Exercise: Starting at the top of the entries, restate word for word each line up to and including the one with "Feces - Poop Clipart, transparent png".

*-*-*

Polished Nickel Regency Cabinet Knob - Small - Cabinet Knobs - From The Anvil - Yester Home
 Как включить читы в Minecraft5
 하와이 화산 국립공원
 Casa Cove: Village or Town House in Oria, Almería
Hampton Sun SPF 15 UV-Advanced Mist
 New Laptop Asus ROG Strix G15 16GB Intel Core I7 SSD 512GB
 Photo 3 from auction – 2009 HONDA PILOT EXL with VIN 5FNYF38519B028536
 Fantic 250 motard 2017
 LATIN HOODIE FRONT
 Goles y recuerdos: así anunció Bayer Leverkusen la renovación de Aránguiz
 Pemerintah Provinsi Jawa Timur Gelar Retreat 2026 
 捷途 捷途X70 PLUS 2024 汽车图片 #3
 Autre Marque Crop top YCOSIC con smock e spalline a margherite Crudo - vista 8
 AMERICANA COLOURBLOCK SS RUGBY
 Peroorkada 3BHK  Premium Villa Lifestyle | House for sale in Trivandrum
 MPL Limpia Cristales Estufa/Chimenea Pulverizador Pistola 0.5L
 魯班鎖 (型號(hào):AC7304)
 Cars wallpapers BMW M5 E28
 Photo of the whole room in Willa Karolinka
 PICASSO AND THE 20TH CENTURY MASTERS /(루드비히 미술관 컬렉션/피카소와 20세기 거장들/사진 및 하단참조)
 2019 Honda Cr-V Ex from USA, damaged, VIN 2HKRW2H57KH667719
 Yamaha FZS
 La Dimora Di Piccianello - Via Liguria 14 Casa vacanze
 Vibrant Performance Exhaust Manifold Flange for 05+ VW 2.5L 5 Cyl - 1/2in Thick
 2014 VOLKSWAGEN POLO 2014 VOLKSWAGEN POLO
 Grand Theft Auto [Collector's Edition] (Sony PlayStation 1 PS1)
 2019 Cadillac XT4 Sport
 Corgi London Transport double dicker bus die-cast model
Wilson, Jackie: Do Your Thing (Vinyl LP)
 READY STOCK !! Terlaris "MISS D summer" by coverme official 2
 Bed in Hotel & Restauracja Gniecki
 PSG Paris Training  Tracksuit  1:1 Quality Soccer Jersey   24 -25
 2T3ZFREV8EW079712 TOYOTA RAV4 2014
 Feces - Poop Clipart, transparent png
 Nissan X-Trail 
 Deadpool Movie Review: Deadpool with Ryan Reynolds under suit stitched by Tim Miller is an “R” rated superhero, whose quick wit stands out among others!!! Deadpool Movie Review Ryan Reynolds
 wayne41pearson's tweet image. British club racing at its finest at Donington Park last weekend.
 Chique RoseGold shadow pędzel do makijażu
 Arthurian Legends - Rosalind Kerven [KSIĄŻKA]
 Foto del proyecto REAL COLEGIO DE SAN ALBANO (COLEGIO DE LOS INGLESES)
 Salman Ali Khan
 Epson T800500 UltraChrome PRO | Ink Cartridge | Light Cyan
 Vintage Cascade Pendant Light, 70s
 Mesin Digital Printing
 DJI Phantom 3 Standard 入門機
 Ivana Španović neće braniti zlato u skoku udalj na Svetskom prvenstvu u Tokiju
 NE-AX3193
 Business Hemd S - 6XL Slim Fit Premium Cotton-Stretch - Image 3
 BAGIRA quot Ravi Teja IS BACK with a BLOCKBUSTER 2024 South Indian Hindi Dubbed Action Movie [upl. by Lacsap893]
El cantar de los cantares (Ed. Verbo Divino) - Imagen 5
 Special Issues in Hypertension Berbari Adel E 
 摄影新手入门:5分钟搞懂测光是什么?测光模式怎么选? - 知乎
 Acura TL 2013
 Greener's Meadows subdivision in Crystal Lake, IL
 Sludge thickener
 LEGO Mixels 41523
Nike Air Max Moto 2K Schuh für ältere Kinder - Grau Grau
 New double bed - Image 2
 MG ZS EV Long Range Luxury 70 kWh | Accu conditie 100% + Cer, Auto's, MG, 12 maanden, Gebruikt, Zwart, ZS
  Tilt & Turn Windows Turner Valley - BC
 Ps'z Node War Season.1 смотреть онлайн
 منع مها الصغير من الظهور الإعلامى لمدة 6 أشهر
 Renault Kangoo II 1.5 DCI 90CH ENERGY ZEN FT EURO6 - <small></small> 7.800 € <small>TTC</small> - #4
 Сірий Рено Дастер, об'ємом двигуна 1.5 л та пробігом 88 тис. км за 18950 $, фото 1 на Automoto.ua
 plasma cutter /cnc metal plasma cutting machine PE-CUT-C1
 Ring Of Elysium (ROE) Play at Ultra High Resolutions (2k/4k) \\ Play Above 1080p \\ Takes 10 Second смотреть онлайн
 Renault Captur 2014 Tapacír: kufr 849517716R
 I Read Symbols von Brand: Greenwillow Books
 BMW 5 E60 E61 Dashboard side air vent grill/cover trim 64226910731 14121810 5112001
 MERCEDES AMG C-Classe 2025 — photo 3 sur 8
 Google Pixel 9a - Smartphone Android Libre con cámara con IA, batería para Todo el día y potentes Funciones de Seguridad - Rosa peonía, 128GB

*-*-*

Response:
Polished Nickel Regency Cabinet Knob - Small - Cabinet Knobs - From The Anvil - Yester Home
 Как включить читы в Minecraft5
 하와이 화산 국립공원
 Casa Cove: Village or Town House in Oria, Almería
Hampton Sun SPF 15 UV-Advanced Mist
 New Laptop Asus ROG Strix G15 16GB Intel Core I7 SSD 512GB
 Photo 3 from auction – 2009 HONDA PILOT EXL with VIN 5FNYF38519B028536
 Fantic 250 motard 2017
 LATIN HOODIE FRONT
 Goles y recuerdos: así anunció Bayer Leverkusen la renovación de Aránguiz
 Pemerintah Provinsi Jawa Timur Gelar Retreat 2026 
 捷途 捷途X70 PLUS 2024 汽车图片 #3
 Autre Marque Crop top YCOSIC con smock e spalline a margherite Crudo - vista 8
 AMERICANA COLOURBLOCK SS RUGBY
 Peroorkada 3BHK  Premium Villa Lifestyle | House for sale in Trivandrum
 MPL Limpia Cristales Estufa/Chimenea Pulverizador Pistola 0.5L
 魯班鎖 (型號(hào):AC7304)
 Cars wallpapers BMW M5 E28
 Photo of the whole room in Willa Karolinka
 PICASSO AND THE 20TH CENTURY MASTERS /(루드비히 미술관 컬렉션/피카소와 20세기 거장들/사진 및 하단참조)
 2019 Honda Cr-V Ex from USA, damaged, VIN 2HKRW2H57KH667719
 Yamaha FZS
 La Dimora Di Piccianello - Via Liguria 14 Casa vacanze
 Vibrant Performance Exhaust Manifold Flange for 05+ VW 2.5L 5 Cyl - 1/2in Thick
 2014 VOLKSWAGEN POLO 2014 VOLKSWAGEN POLO
 Grand Theft Auto [Collector's Edition] (Sony PlayStation 1 PS1)
 2019 Cadillac XT4 Sport
 Corgi London Transport double dicker bus die-cast model
Wilson, Jackie: Do Your Thing (Vinyl LP)
 READY STOCK !! Terlaris "MISS D summer" by coverme official 2
 Bed in Hotel & Restauracja Gniecki
 PSG Paris Training  Tracksuit  1:1 Quality Soccer Jersey   24 -25
 2T3ZFREV8EW079712 TOYOTA RAV4 2014
 Feces - Poop Clipart, transparent png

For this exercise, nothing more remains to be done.